Example of training set for the decision tree above
date |
motivation |
durée (h) |
difficile |
surprenant |
température (K) |
11/03 |
oui |
1 |
non |
oui |
271 |
14/04 |
oui |
4 |
oui |
oui |
293 |
03/01 |
non |
3 |
oui |
non |
297 |
25/12 |
oui |
2 |
oui |
non |
291 |
... |
... |
... |
... |
... |
... |
Given our observations T={(x,y)}, we now want to build a
decision tree that predicts y given new instances x. As of
today (2011) there are essentially two families of algorithms to do this:
Quinlan trees and CART trees. Both follow a divide-and-conquer
strategy that we can sum up, for discrete attributes, by the following
pseudocode:
1: DecisionTree(T: training set):
2: if "stop condition":
3: return leaf(T)
4: choose the "best" attribute i between 1 and m
5: for each value v of i:
6: T[v] = {(x, y) from T such that x_i = v}
7: t[v] = DecisionTree(T[v])
8: return node(i, {v: t[v]})
In what follows, we use uppercase T for training sets and lowercase
t for trees. A tree is either a leaf leaf(T)
, where we save a
subset T of the original training set, or a node node(i, {v:
t[v]})
that tests attribute i and has a child tree tv for
each potential value v of the attribute. The two statements with
quotation marks correspond to heuristics specific to each algorithm:
- Stop condition:
- The condition used to decide when it is time to produce an answer rather
than grow the tree to better fit the data. For instance, the condition
∣T∣=1 will produce detailed trees with excellent score on the
training set (for each instance (x,y)∈T the tree will
predict exactly y given x) but quite deep and not likely
to generalize well outside of this set due to overfitting.
- Best attribute:
- The goal of this heuristic is to evaluate locally what attribute yields the
"most information" on (or is the "most correlated" to) the result to
predict. We will see examples of such criteria below.

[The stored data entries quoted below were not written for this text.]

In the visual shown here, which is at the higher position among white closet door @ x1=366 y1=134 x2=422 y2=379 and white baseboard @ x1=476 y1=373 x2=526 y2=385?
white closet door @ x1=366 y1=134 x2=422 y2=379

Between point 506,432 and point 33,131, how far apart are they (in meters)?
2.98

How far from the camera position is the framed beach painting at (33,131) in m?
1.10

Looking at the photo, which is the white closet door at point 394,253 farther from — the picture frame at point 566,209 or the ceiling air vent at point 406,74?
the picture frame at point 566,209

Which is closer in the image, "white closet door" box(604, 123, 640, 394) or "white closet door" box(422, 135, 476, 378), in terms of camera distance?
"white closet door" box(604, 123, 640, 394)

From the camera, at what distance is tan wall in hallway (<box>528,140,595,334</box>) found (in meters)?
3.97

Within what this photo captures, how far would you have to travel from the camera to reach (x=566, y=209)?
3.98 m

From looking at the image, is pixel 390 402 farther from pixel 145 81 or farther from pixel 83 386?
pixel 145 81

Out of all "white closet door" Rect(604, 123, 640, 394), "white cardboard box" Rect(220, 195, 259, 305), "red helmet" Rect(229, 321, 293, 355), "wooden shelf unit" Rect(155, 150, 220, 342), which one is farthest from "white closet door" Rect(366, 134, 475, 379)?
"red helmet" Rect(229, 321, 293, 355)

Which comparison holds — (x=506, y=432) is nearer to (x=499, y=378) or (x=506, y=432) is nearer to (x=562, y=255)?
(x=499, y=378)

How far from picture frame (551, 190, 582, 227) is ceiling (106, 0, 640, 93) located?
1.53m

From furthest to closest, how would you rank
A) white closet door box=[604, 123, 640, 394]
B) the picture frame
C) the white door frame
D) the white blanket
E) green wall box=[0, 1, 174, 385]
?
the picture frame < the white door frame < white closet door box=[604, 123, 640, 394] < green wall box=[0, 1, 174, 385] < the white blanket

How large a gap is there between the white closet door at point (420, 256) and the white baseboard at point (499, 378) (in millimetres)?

When learning a continuous attribute xi∈R, we adapt the
above pseudocode by selecting a split value v corresponding to a test
xi≤v. We will denote by node(i, v, t[≤], t[>])
the
corresponding node constructor. In the particular case where all attributes are
continuous, the resulting decision tree is a binary tree.
Regression
Let us consider first the case of regression, that is, when the value to
predict is a real number. Once our tree is built, regressing a new instance
x amounts to traversing a branch as follows:
1: Regress(x, t)
2: if t is a leaf(Tf):
3: return the average of y's in Tf
4: else if t is a node(i, v, t_left, t_right):
5: if x[i] <= v:
6: return Regress(x, t_left)
7: else (x[i] > v):
8: return Regress(x, t_right)
9: else (t is a node(i, {v -> t[v]})):
10: return Regress(x, t[x[i]])
This exploration ends up in a leaf f built on a training set
Tf, which we denoted in pseudocode as leaf(Tf)
. Let us define
Yf:={y∣∃(x,y)∈Tf}. The value predicted at the
end of the regression process is the average y of
Yf. The more the distribution of y∈Yf is concentrated
around y, the better the prediction will be. Equivalently,
the higher the dispersion of these values, the worse the prediction. CART trees
thus use the variance σ2 of Yf to measure
this dispersion and evaluate the "quality" of the leaf f.

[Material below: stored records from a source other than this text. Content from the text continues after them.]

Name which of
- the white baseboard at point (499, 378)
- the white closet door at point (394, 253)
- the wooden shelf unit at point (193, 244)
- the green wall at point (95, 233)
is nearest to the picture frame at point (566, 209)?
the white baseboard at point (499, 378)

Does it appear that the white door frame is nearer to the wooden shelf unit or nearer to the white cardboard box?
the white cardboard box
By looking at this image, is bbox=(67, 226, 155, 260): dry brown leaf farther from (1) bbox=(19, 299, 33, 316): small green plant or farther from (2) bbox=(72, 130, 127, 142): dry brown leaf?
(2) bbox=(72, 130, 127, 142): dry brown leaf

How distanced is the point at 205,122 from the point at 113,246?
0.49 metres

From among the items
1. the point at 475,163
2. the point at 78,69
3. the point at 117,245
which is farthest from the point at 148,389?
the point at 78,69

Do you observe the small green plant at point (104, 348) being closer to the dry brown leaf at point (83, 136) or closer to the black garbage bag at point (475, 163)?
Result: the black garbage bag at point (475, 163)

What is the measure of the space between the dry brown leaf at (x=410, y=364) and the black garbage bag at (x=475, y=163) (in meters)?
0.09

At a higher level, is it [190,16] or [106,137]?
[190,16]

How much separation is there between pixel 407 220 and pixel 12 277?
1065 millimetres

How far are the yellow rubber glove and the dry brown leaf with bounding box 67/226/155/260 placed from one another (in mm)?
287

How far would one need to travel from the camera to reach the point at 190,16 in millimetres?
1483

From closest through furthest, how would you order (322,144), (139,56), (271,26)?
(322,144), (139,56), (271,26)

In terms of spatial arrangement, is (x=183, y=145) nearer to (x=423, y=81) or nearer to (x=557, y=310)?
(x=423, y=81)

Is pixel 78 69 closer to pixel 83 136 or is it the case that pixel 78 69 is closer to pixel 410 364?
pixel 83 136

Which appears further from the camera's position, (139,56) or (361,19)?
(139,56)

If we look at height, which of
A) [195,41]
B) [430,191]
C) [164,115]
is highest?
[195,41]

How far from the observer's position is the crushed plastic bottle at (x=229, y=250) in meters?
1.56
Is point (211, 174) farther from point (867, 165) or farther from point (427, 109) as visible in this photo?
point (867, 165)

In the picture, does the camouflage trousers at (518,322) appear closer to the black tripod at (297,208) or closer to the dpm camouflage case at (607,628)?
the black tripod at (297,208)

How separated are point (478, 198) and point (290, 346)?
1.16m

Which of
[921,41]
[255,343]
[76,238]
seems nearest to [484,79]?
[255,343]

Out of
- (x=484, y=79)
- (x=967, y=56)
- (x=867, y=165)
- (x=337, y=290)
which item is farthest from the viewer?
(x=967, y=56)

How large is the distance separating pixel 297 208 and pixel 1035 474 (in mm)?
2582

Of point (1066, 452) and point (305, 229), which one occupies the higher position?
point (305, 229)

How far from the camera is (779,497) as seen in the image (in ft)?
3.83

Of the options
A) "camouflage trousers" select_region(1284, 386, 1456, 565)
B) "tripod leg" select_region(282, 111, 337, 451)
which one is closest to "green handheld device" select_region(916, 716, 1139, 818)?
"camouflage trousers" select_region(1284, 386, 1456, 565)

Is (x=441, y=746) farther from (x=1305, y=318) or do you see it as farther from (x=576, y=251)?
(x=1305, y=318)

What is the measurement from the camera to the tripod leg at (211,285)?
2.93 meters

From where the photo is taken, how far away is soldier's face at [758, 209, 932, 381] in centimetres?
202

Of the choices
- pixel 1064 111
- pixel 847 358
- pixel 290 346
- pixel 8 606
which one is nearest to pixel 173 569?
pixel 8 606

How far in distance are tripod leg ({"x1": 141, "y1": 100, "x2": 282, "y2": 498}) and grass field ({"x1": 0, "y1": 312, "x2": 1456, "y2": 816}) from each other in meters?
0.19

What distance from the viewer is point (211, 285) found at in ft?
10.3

Choosing a split attribute
CART also uses this variance criterion to choose the best split attribute at
line 4 of our DecisionTree(T)
constructor. A given attribute i
yields a partition T=∪viTvi of the training set
T, where each subset Tvi has its own variance
V(Tvi). Variance after selecting i as split
attribute is then, for an instance (x,y) drawn uniformly at random
from T:
Vi=vi∑∣T∣∣Tvi∣V(Tvi)The attribute i∗ that minimizes this value is (heuristically)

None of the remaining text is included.